Una delle ferite che maggiormente lascerà un segno nella nostra vita è l’esperienza di abbandono. E’ tanto indispensabile e vitale il bisogno di legame e di affetto, che la nostra mente è particolarmente sensibile a quelle volte nelle quali se ne vive la carenza, quando ci si sente soli, rifiutati, incompresi, trascurati, rifiutati, in sintesi, abbandonati.

E’ quasi impossibile non avere esperienze di abbandono nella nostra vita, dalla nascita in poi. Sono esperienze nella quali non sono rilevanti solo i fatti, ma anche e soprattutto il modo con cui li abbiamo vissuti emotivamente. Sono esperienze che ci hanno segnato, anche se non le ricordiamo e non sappiamo riconoscerle. Essere seduti sul sedile dietro dell’auto di famiglia, con il fratello invece nel sedile a fianco del genitore. Indossare gli abiti del fratello maggiore. Sentirsi rifiutare un desiderio che invece è stato accolto per la sorella. Non ricevere attenzioni quando lo si desiderava tanto. Sentire e credere che l’amore dei nostri genitori richiedeva che fossimo perfetti. Innumerevoli ferite, più o meno importanti, che hanno lasciato il loro segno. Invisibilmente.
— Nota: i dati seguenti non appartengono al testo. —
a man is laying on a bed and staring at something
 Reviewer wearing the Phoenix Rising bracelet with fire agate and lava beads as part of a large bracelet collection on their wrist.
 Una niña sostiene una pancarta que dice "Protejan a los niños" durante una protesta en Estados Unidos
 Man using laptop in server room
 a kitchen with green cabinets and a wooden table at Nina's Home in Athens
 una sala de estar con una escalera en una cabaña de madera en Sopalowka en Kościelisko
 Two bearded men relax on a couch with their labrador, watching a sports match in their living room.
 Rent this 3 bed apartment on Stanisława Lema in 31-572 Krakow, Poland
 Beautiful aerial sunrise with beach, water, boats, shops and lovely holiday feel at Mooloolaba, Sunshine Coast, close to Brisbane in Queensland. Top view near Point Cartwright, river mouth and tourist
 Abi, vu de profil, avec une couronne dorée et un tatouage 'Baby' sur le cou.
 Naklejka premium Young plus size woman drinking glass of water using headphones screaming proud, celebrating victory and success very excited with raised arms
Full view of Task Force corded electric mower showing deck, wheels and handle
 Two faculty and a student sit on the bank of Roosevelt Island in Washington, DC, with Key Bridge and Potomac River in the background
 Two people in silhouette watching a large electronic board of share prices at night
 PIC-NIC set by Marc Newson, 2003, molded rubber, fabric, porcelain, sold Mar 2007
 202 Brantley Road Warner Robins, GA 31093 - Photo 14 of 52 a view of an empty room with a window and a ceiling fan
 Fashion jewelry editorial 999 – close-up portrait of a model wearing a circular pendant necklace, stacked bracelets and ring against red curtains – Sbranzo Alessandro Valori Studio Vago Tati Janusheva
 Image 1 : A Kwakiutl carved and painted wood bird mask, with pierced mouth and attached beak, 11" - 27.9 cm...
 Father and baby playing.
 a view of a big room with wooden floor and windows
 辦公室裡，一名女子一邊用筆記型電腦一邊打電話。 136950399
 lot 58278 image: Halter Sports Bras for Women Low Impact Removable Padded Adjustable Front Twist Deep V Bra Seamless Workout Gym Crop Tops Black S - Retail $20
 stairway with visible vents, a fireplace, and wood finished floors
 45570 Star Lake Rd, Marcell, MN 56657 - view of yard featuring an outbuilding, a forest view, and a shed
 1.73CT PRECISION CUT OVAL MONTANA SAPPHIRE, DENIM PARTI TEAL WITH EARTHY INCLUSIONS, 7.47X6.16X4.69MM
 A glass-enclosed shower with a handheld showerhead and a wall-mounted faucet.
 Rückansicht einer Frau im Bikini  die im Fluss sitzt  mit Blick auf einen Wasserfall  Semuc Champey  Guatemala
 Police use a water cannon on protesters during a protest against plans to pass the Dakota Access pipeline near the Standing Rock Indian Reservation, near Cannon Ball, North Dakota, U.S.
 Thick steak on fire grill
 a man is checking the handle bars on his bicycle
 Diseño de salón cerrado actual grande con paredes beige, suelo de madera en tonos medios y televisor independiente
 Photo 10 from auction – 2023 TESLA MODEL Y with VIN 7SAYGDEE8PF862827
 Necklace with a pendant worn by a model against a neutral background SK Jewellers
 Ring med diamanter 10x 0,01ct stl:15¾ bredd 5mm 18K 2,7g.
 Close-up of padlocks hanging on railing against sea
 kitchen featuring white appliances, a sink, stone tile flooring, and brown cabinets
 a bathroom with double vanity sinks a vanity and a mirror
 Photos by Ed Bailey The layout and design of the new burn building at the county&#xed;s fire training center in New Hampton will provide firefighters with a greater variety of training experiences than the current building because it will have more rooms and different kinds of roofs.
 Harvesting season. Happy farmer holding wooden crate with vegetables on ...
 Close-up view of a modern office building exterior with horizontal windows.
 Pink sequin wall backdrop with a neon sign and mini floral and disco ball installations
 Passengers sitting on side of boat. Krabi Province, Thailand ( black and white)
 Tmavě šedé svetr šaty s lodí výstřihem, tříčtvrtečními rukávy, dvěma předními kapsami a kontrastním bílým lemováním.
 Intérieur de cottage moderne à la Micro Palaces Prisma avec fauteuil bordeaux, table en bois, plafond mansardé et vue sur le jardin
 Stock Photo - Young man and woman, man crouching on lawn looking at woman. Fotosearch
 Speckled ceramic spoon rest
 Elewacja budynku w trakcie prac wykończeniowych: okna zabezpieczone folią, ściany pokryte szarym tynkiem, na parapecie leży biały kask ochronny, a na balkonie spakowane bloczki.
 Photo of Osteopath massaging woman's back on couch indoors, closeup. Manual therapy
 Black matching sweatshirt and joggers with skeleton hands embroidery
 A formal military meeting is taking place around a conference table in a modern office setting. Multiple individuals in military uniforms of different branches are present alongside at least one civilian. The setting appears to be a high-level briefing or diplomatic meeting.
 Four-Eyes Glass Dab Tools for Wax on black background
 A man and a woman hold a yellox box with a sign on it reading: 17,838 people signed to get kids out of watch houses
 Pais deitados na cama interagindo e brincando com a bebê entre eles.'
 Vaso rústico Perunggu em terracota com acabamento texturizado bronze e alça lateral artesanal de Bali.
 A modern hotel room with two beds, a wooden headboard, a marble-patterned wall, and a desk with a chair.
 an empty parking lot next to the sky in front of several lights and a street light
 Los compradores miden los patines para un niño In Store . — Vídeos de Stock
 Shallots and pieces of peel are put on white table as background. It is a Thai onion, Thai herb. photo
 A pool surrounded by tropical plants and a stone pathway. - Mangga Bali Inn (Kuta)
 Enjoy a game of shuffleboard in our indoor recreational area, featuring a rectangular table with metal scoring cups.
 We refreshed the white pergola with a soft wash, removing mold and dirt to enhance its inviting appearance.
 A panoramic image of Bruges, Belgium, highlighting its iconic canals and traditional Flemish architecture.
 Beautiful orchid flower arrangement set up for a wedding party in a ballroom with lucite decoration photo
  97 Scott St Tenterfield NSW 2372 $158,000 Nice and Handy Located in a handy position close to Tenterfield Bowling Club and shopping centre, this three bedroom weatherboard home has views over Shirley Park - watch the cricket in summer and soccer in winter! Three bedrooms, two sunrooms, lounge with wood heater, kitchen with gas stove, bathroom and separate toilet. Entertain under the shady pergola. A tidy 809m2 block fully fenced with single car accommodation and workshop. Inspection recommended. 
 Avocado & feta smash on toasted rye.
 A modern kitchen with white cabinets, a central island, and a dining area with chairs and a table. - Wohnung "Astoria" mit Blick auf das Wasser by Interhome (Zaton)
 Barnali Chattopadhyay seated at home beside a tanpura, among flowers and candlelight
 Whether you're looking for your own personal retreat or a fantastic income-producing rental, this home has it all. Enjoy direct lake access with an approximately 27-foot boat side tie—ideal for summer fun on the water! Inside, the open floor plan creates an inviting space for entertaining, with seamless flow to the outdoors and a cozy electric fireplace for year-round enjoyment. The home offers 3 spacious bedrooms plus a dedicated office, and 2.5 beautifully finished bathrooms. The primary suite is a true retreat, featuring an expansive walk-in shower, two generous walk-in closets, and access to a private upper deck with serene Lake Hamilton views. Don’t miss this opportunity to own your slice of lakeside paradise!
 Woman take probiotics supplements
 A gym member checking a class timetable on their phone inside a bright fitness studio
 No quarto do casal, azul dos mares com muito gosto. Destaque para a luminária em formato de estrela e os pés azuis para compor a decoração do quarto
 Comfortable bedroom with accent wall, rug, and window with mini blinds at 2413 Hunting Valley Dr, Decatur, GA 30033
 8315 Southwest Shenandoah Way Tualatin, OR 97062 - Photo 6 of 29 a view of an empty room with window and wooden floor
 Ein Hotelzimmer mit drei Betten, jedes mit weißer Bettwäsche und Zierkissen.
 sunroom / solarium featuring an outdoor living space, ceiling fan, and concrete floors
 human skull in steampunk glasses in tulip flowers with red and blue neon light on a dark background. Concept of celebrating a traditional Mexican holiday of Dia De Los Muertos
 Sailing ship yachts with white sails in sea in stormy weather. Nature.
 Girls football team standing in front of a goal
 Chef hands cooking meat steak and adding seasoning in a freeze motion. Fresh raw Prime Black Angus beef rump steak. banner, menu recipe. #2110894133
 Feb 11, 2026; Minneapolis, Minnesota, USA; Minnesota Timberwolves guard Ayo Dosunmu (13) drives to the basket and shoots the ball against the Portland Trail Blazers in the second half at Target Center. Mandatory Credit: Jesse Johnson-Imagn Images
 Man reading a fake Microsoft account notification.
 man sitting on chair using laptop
Poi ci troviamo (a volte diventiamo) adulti e molto di ciò che siamo, di ciò che osiamo essere, di ciò che sperimentiamo e cerchiamo dipende da come il timore dell’abbandono si è insediato e ramificato nel nostro cuore. Perché è timore che ci trattiene, ci indirizza, pur di non perdere o danneggiare l’amore e il legame con gli altri di cui abbiamo necessità.

Dunque la vita è stata maestra, ci ha insegnato a temere di essere abbandonati, isolati, rifiutati, incompresi. Ma questo non significa che è stata una buona maestra. Le ferite ci segnano il cuore, lo plasmano, ma non significa che ciò che ci fanno diventare sia il meglio per noistessi. Possiamo allora prenderci del tempo e della buone conversazioni con chi ci vuole bene per parlare alle nostre ferite e delle nostre ferite, trovare il timore di abbandono che è nel nostro cuore e chiederci se va bene così. Oppure se debba essere educato a farsi più leggero e meno minaccioso. Potrebbero accadere cambiamenti sorprendenti, più liberi dal timore di essere soli.